We are working directly with our State and Local goverments as well as our local trade schools, to help train the future skilled workforce we need to sustain our manufacturing operations right here in CT. I can tell you, it is a UPHILL battle..:blink:


----------



## chadw (Jan 10, 2012)

LJSMITH1 said:


> You are misinformed.
> 
> While I cannot speak for Electricians or Plumbers, I can certainly speak for other skilled trades like moldmakers, toolmakers, CNC operators, maintenance technicians, etc. There definitely IS a shortage of these folks in CT and in the Northeast. Wages for these skill sets are already higher than they would be normally. However, despite a recent resurgence of attention to the trade schools by local, State, and Federal government programs, there are low enrollments - go figure. The main reason is that the parents of talented (i.e. mechanically inclined) students do not believe there are any opportunities in these trades. They are flat wrong. From the many trade, manufacturing, and educational symposiums and seminars I have been involved with in the last 5 years, it is apparent that there is a major skills gap in the works.
> 
> We are working directly with our State and Local goverments as well as our local trade schools, to help train the future skilled workforce we need to sustain our manufacturing operations right here in CT. I can tell you, it is a UPHILL battle..:blink:


all solved by paying proper wages. if they were high enough there would be no shortage. it really is that simple. and the goverment and big business want to do everything but work around it. there isnt a shortage of ceo's, bank managers etc...because they get paid.


----------



## LJSMITH1 (May 4, 2009)

chadw said:


> all solved by paying proper wages. if they were high enough there would be no shortage. it really is that simple. and the goverment and big business want to do everything but work around it. there isnt a shortage of ceo's, bank managers etc...because they get paid.

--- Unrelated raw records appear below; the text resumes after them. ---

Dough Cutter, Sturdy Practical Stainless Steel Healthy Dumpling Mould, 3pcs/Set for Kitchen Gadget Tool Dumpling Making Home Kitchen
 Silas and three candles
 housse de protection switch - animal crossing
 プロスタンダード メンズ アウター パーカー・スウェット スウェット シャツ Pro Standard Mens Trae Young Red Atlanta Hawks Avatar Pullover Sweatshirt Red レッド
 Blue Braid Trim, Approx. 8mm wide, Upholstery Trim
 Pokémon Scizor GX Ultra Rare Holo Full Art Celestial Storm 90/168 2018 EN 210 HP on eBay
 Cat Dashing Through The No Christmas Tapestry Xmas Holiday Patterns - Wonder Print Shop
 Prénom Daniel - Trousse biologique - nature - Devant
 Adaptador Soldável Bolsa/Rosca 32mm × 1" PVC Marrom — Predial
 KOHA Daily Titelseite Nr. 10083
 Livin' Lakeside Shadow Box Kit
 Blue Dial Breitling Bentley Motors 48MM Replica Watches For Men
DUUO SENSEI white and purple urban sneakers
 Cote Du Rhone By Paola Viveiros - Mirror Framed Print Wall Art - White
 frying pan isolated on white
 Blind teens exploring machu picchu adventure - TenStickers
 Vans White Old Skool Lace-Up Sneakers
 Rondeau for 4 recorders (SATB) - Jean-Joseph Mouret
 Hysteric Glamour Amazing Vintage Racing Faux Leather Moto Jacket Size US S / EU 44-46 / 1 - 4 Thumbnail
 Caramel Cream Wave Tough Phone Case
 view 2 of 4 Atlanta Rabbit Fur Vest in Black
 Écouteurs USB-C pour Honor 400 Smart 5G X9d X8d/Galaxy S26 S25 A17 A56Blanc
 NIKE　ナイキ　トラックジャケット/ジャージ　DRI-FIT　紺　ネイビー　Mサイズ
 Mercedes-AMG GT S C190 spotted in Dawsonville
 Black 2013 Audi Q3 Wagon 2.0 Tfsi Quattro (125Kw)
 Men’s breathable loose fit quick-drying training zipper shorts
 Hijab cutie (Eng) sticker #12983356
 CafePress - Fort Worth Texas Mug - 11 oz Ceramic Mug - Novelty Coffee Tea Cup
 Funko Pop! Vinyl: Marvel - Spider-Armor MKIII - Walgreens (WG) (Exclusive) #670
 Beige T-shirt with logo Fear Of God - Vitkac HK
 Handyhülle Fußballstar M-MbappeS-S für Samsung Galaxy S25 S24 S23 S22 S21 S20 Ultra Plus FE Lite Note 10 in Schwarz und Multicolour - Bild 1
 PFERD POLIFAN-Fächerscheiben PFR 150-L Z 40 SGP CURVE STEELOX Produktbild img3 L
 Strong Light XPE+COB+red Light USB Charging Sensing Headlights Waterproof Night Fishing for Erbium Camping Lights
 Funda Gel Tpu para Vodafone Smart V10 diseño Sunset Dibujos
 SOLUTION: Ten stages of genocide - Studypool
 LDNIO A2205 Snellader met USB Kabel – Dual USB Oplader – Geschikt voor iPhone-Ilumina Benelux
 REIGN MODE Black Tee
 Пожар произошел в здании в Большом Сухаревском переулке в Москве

I disagree. The wages for these skilled trades are well, well above the minimum wage ($20/hr. to start and higher), plus there are also full benefits. Will they be paid like a CEO, a VP? No. Will they be able to 'make a living wage'? Hell yes...as verified by our long-term existing staff. As I said before, the issue is not how much $$ can be made, its more of the perception of parents when they think of the trade (i.e. dirty, dingy, low IQ people, etc.). Every parent believes that their kid should 'go to college', when in fact many studies have shown that college is not the 'end-all' for getting a good paying job.

Don't get me wrong, I also have a problem with the Financial Industry and how they can make money despite mishandling other peoples money. There are insane salaries being paid to people for various jobs, which none of us can make sense of (i.e. CEO's of Charitable Foundations, Pro Athletes, NFL Commissioner, CEO's of failing companies, Executives of Hedge Funds, etc., Etc...). However, you cannot compare any of these jobs (and pay scale) to those of a rank-and-file type job. They are Apples and Potatoes. Who are you (or me) to say how much a particular CEO or Executive makes? It is the decision of the Stockholders or management. Not mine. 

Pay is determined by market forces and demand. I know it stinks, and I wish I was paid a lot more just like you. However, just like products, everyone is always looking for the best 'deal' for labor, in order to be price competitive with competition. The only way to get wages up regardless of skill differences, is to pay more for every product or service you consume. Also, pay is determined by what 'marketable skill' you offer and how in-demand it is. 

I play ice hockey fairly well. Why haven't I been given a pro or minor league contract? I want the big $$ too, but apparently I am not 'skilled enough' to be at the pro level. So, should I be bitching to the NHL demanding they sign me because I think I am worth it? Haha. No.:no: I get to sit with the thousands of other Beer Leaguer's who reminisce about their 'missed opportunity' to play in the big leagues....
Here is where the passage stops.